* WHAT IS NEEDED:
Starting at the line that contains "Appartement Avec Vue" and stopping at the line that contains "1917 single family", restate each line of the records below exactly. Omit the pictures.

* GIVEN DATA:
___

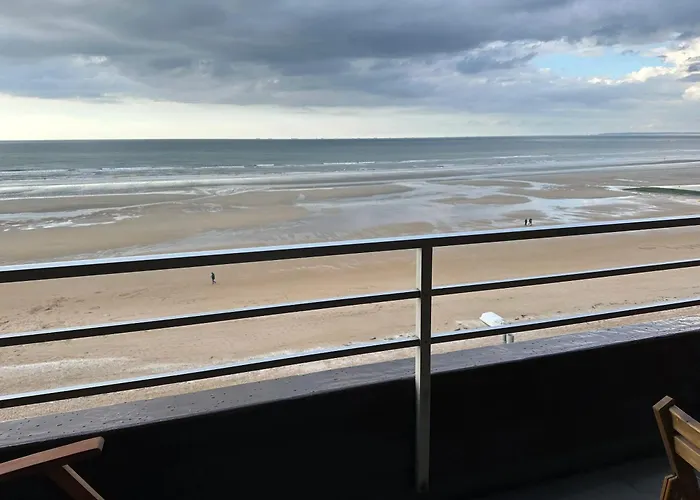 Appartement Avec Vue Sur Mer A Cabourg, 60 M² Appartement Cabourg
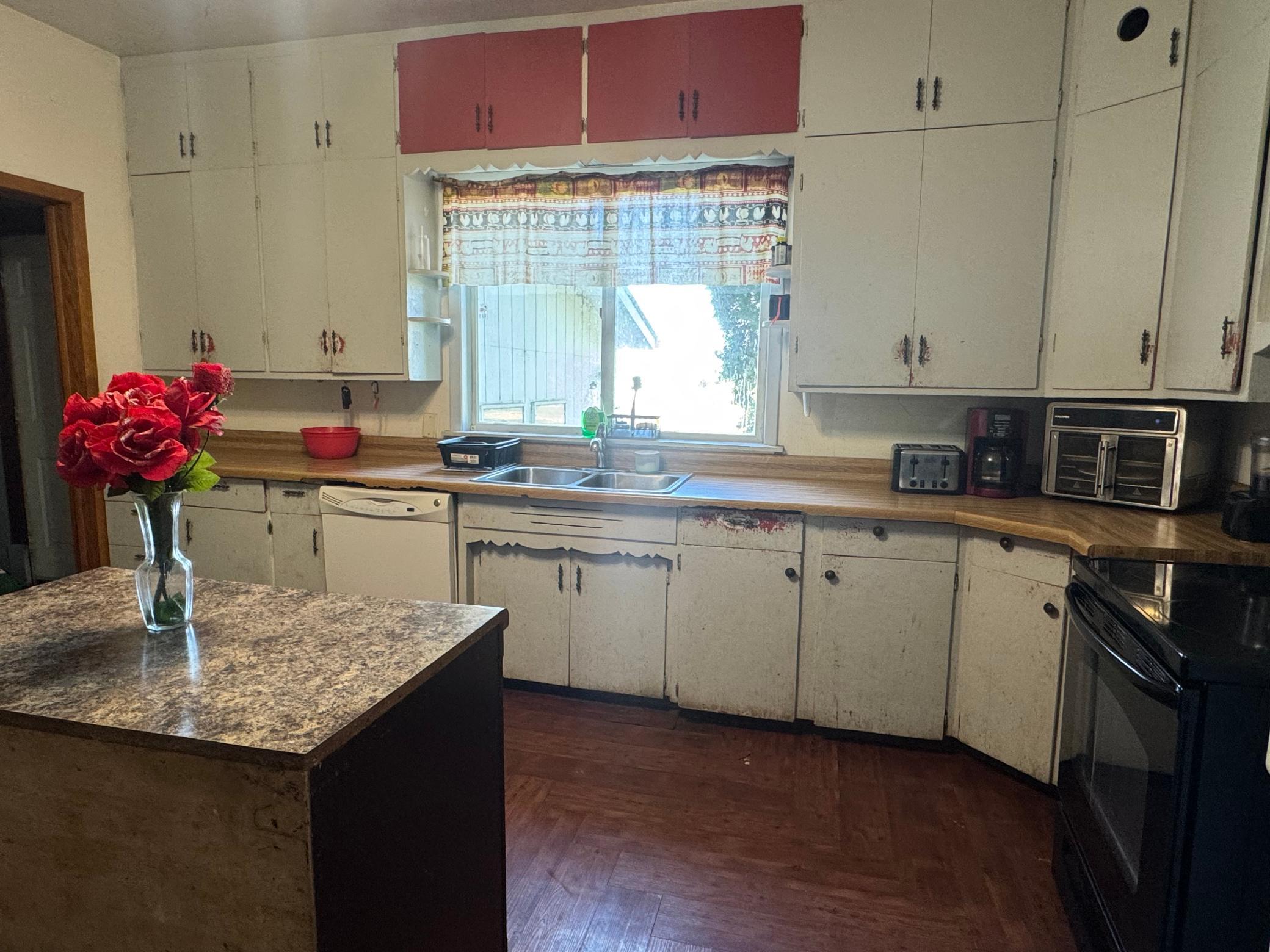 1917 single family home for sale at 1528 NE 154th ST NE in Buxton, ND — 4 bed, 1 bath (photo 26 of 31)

___

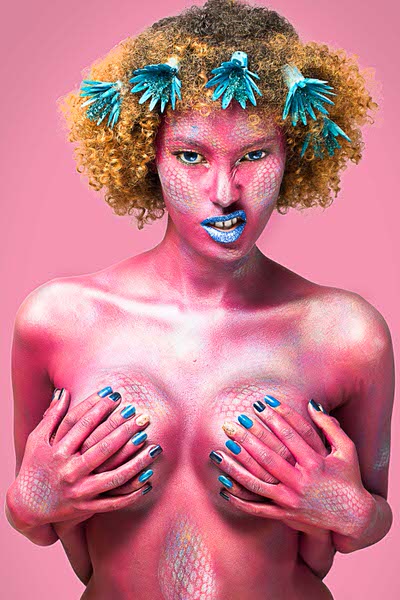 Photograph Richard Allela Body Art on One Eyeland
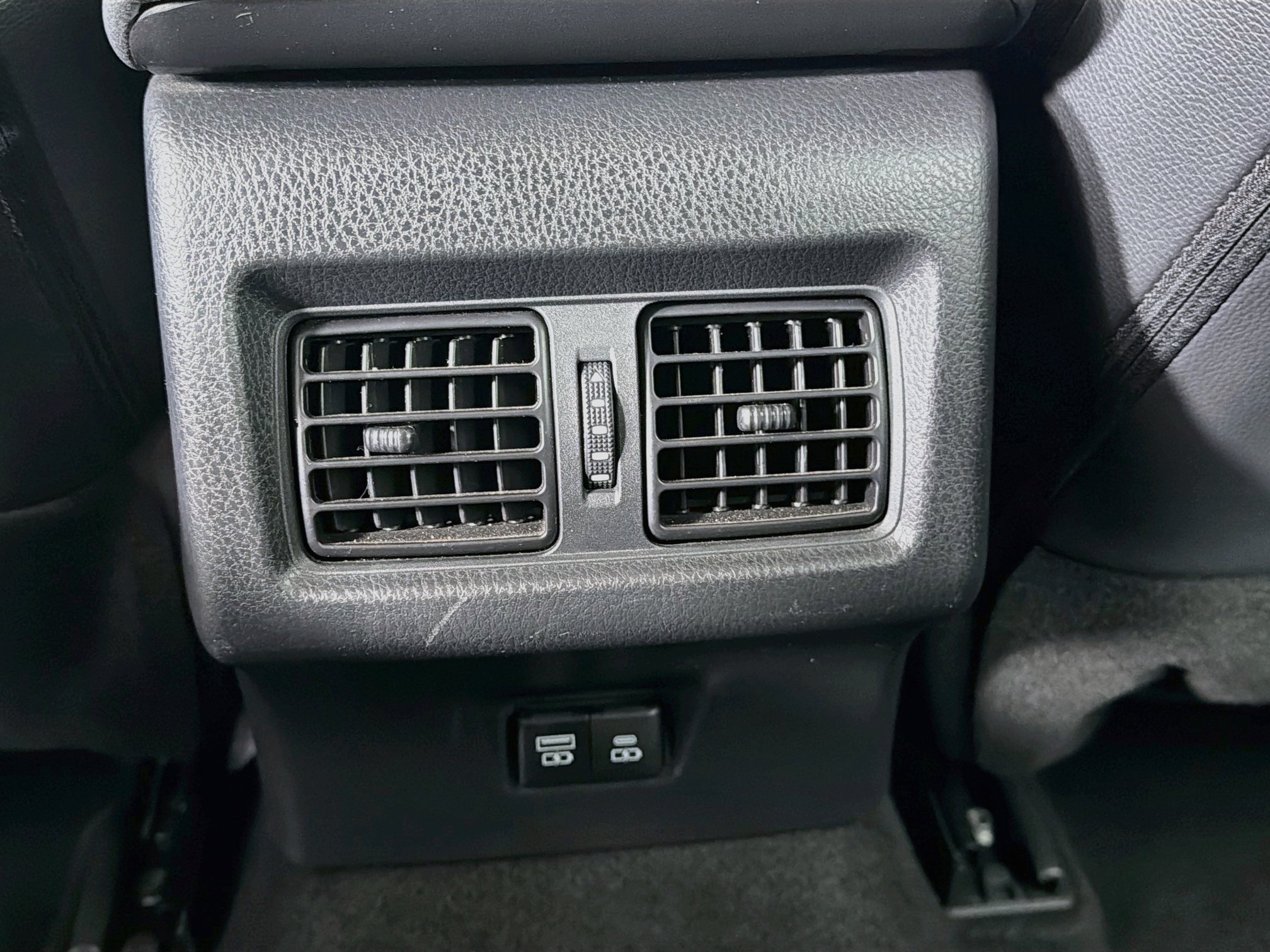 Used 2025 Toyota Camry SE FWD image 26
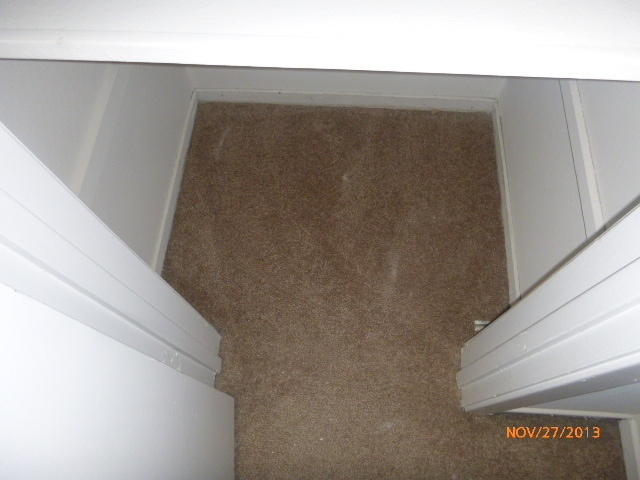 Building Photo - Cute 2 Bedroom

___

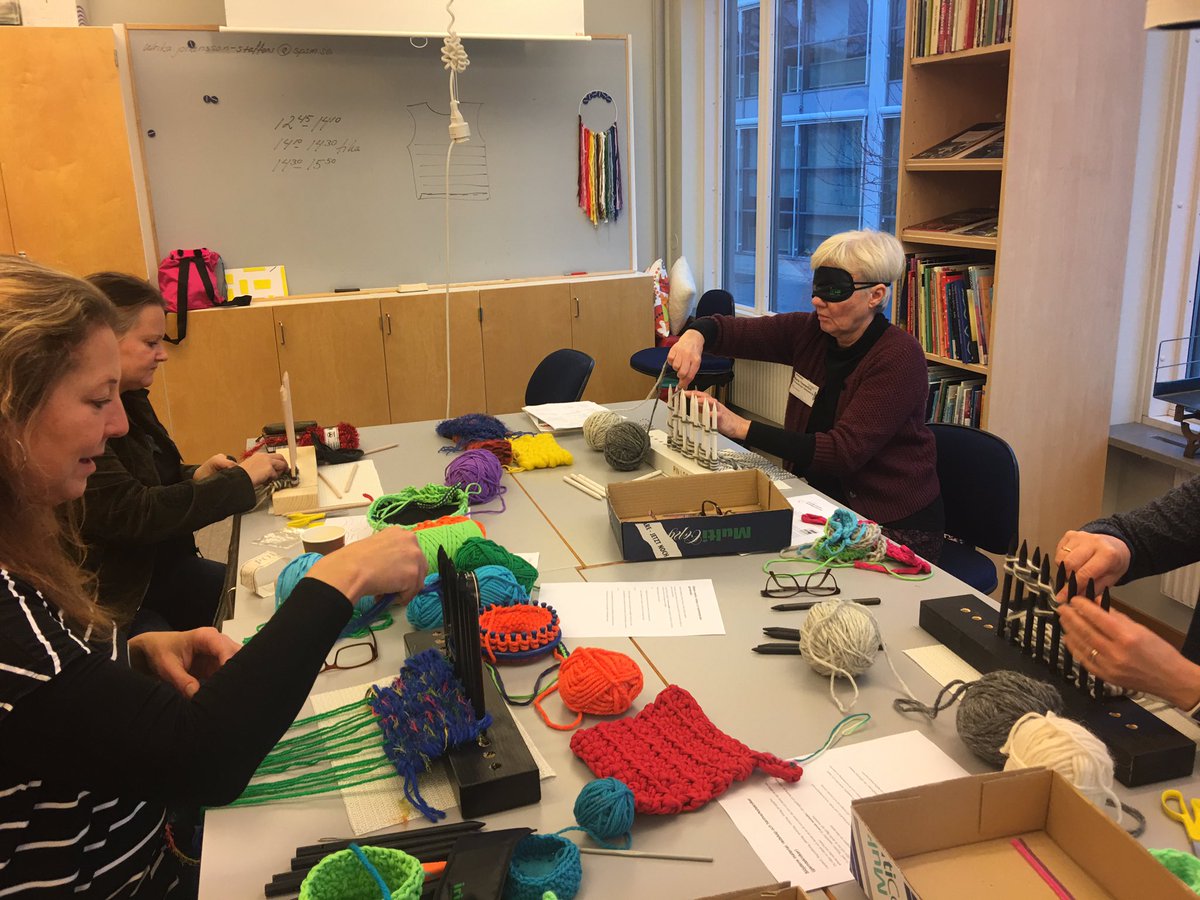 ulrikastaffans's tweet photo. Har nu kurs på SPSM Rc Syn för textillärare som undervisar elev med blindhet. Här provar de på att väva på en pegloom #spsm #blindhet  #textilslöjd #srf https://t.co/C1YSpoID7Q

___

* RESULT OF THIS TASK:
 Appartement Avec Vue Sur Mer A Cabourg, 60 M² Appartement Cabourg
 1917 single family home for sale at 1528 NE 154th ST NE in Buxton, ND — 4 bed, 1 bath (photo 26 of 31)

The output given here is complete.